Use direct commands (hive a, hive v, hive stats) when you need to verify something works against real user data, not test data. Direct commands hit your actual ~/.keephive/hive/ directory. Use them for:

  • Smoke-testing a fix against real accumulated data
  • Verifying LLM-dependent features (audit, verify) actually call the model
  • Checking serve dashboard renders with real content
  • Quick validation before committing

Use unit tests (Tier 1) for everything that doesn't need a terminal or real LLM. Logic, parsing, storage, validation. These run in <35s and catch 80% of bugs.

Feature Development Workflow

Write the terminal test first, then make it pass. This is the standard approach for any feature that affects CLI behavior.

1. Write the terminal E2E test

@pytest.mark.terminal
class TestNewFeature:
    def test_basic_workflow(self, term, save_terminal_output):
        """New feature does X when user does Y."""
        term.type("python -m keephive new-command arg").has("expected output")
        save_terminal_output("new_feature/basic", term)

2. Run it, watch it fail

just test-one "-m terminal -k test_basic_workflow -v -o addopts="

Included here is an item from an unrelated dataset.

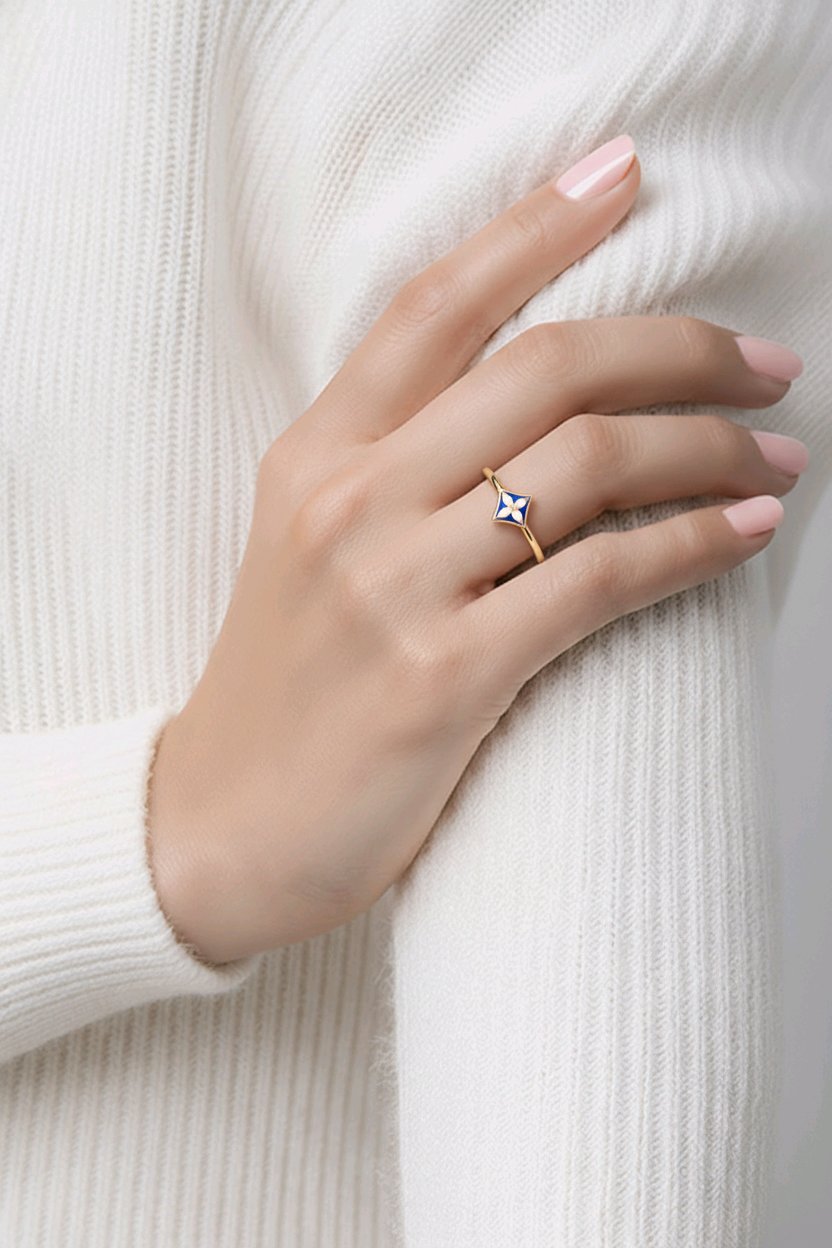 Anillo diseño LV Oro 14K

3. Implement the feature until the test passes

4. Add unit tests for edge cases

Cover error paths, validation, boundary conditions in Tier 1 tests where mocking is faster.

5. Generate golden baseline

just test-golden

6. Run all tiers to confirm no regressions

just test && just test-e2e

Terminal Driver Reference

The tmux driver lives at tests/terminal.py. Key patterns:

# Basic: type command, assert output
term.type("python -m keephive s").has("keephive")

# Chain assertions
term.type("python -m keephive todo").has("Task A").lacks("completed")

# Time travel
term.set_date("2026-01-01")
term.type("python -m keephive r 'FACT: past event'")
term.set_date("2026-02-01")
term.type("python -m keephive s").has("stale")

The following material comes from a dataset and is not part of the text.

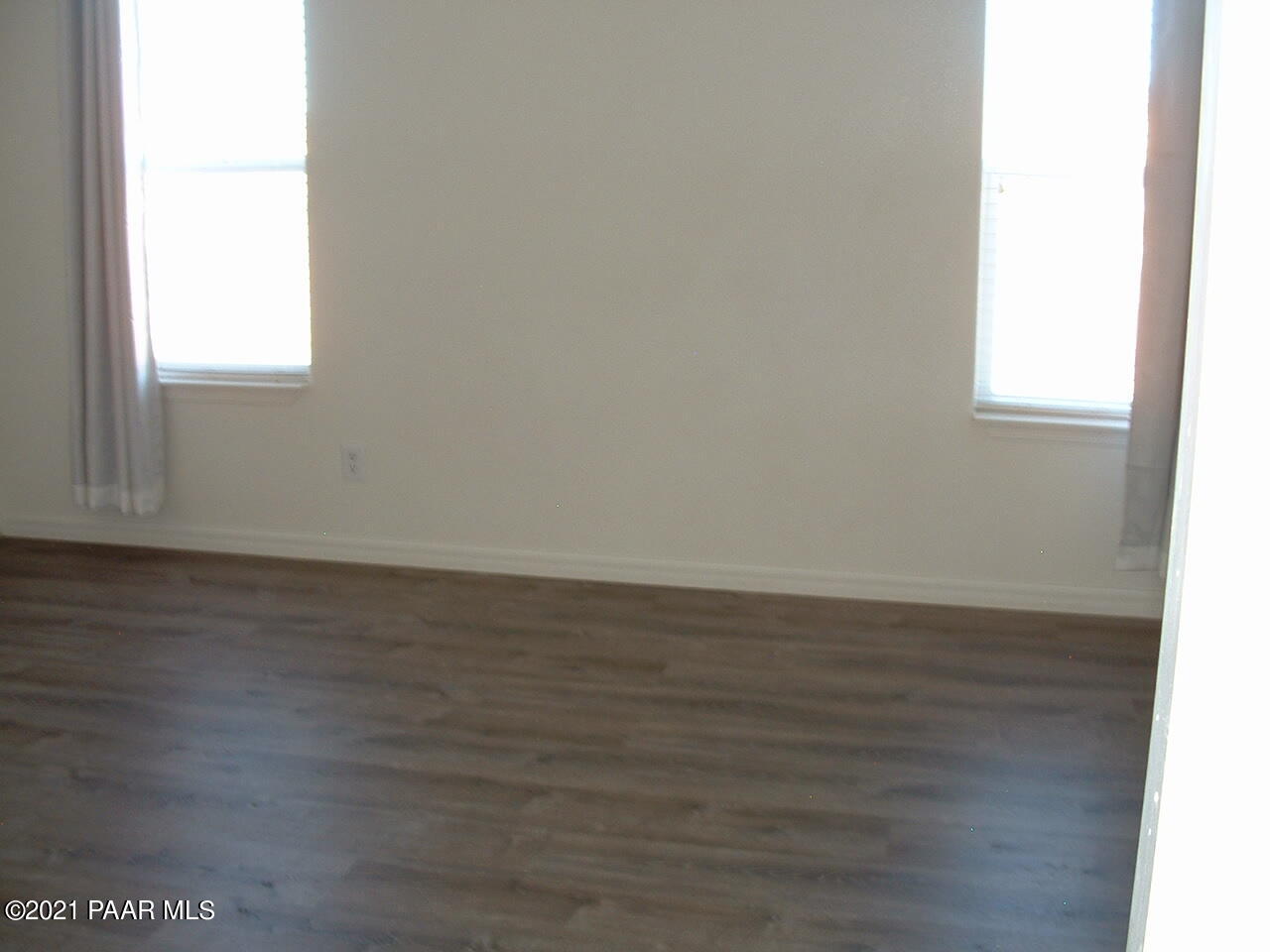 25 West Antelope Run Road Paulden, AZ 86334 - Photo 22 of 27 an empty room with wooden floor and windows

# Read files created by commands
content = term.read_file("daily/2026-01-01.md")
assert "past event" in content

# Check ANSI rendering
term.type("python -m keephive s").has_ansi()

# Regex match
term.type("python -m keephive --version").matches(r"keephive v\d+\.\d+")

# Line count range
term.type("seq 1 50").line_count_between(49, 51)

# Save history artifact
save_terminal_output("scenario_name", term)

Gotchas:

  • TODO text must be distinct enough to survive fuzzy dedup (0.8 SequenceMatcher threshold). "Task A"/"Task B" will dedup. Use descriptive names.
  • Single quotes in send-keys args need care. Prefer double quotes for fact text.
  • HIVE_HOME isolation means commands never touch real ~/.keephive/hive/.
  • Each term fixture creates a fresh tmux session with unique name. Cleanup is automatic.